First, there is a well-orchestrated campaign to restore Zuma’s image as the “man of the people” — including a pop song — who is prepared to lead the populist charge against poverty and oppression, namely, “white monopoly capital”.
Second, Zuma has returned to his KwaZulu-Natal base where he knows how to use violence and fear as a weapon to secure national power positions — after all, this was why Nelson Mandela brought him into the NEC, and why Thabo Mbeki had to bring him in close as deputy president.
When Zuma used that famous television interview before he resigned to subtly threaten increased violence if he was displaced, all he did then was to voice publicly what he’d always done within the secretive cloak-and-dagger world of ANC leadership struggles. The KwaZulu-Natal youngsters who were sent to Moscow to be trained as assassins continue to be very effective implementers of a low-intensity reign of terror.
Third, in his capacity as ANC Secretary General, Ace Magashule controls the election processes for provincial executives. By all accounts, he is systematically ensuring that provincial executives are elected that will do the necessary when the time comes to recall Ramaphosa after the election.
Fourth, there is mounting evidence that key power brokers within the ANC are encouraging the growth of smaller parties to ensure that the ANC’s electoral majority is less than it achieved in the previous election when Zuma was the leader. In the crazy world of shifting opportunistic alliances, the EFF seems to be playing ball — they consistently target Ramaphosa and Pravin Gordhan with little to say about their old “pay back the money” enemy, Jacob Zuma.
If successful, a reduced majority would allow Magashule’s ANC provincial executive committees to argue that contrary to the hype, Ramaphosa has not been able to reverse the electoral losses experienced during the Zuma years. The message will be simple: if the ANC is in worse shape under Ramaphosa, why should he remain the leader?
Fifth, there is sufficient anecdotal evidence that the majority of ANC members do not understand the true nature of State Capture. Nor is there much grassroots support for the Zondo Commission — many ANC members would welcome its closure. Recent “leaks” seem to be about discrediting the Zondo Commission.

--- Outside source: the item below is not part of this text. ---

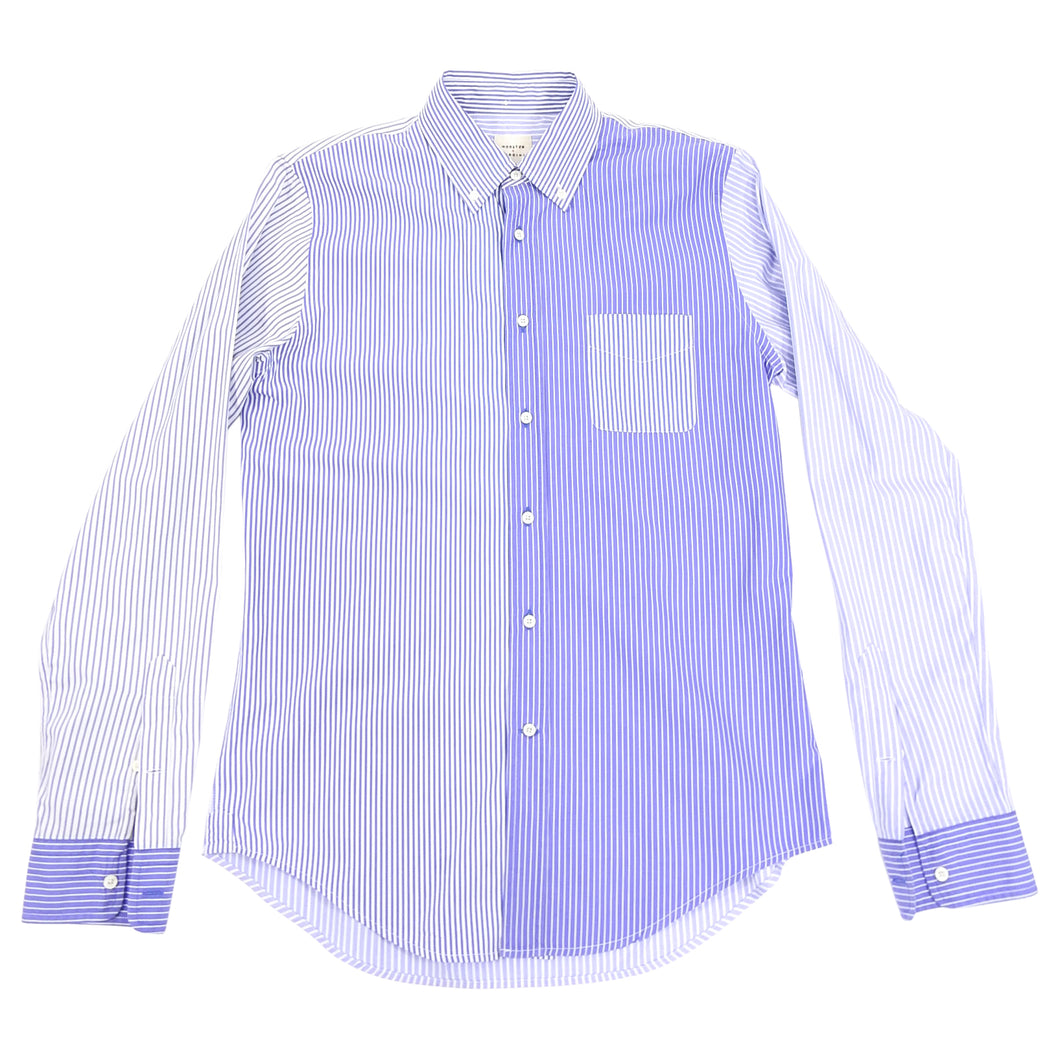 Wooster x Lardini Blue Pinstripe Panel Cotton Shirt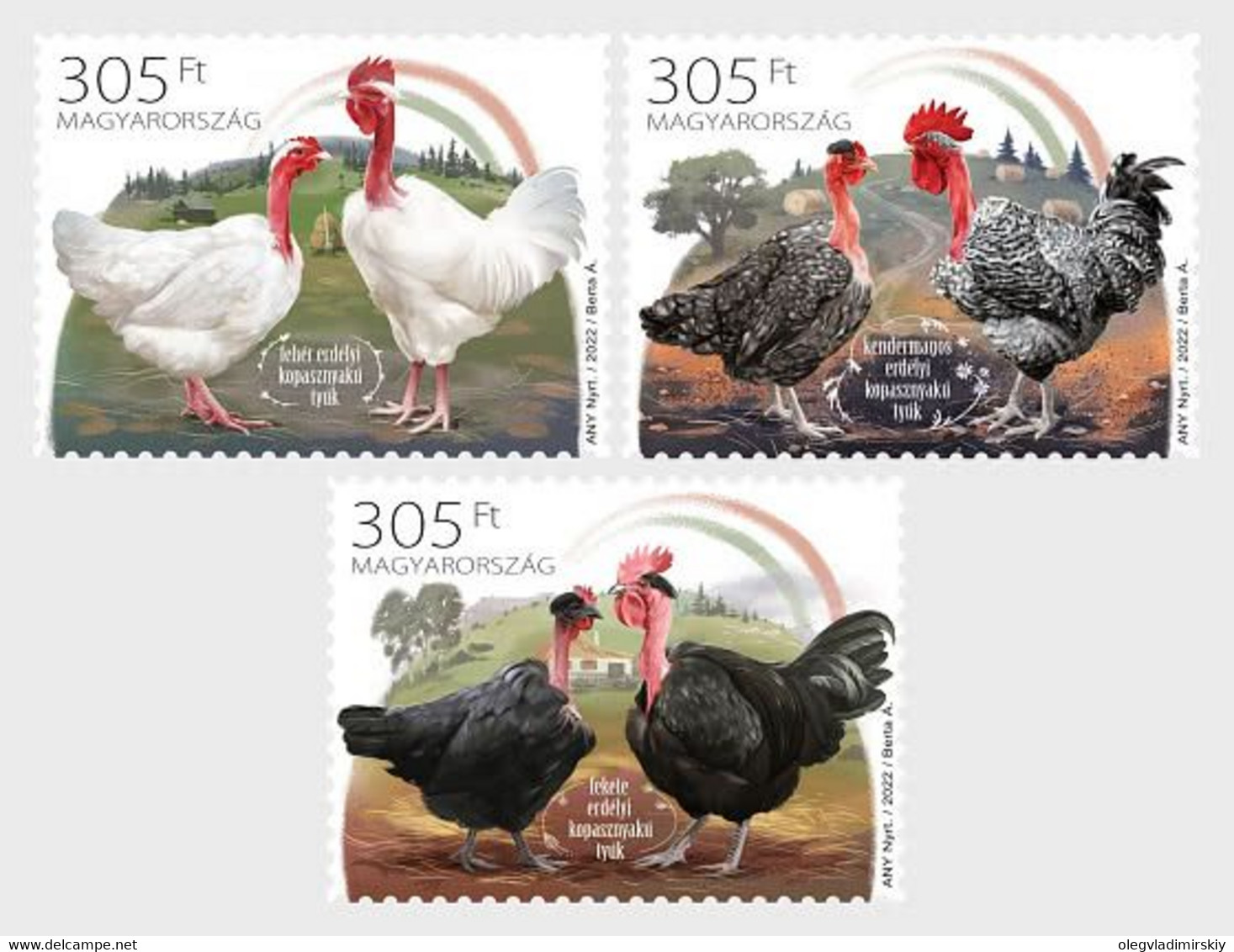 Hungary 2022 Indigenous Hungarian Poultry Breeds Set Of 3 Stamps Mint - Neufs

Zuma’s well-known critique of State Capture is a sleight of hand:
“Is the judiciary captured?” he asked during an address at Walter Sisulu University. “Is Parliament captured?” he mocked. If the state includes the judiciary and the legislature, his logic goes, then how can you talk about State Capture? And by implication: If there is no State Capture, why do we need the Zondo Commission?
Finally, don’t underestimate the Russians. Just because the Ramaphosa government has shunned the nuclear deal, this does not mean the Russians have given up on the idea. The global power stakes are far too high.
Putin signed a decree in 2007 that provided for the integration and consolidation of all nuclear capabilities built up during the Cold War into a new civilian nuclear industry with global ambitions. Since then, Russians have been building nuclear power plants that are a hybrid between an embassy and a military base, often financed off a state guarantee that effectively gives Russia massive leverage over the host country.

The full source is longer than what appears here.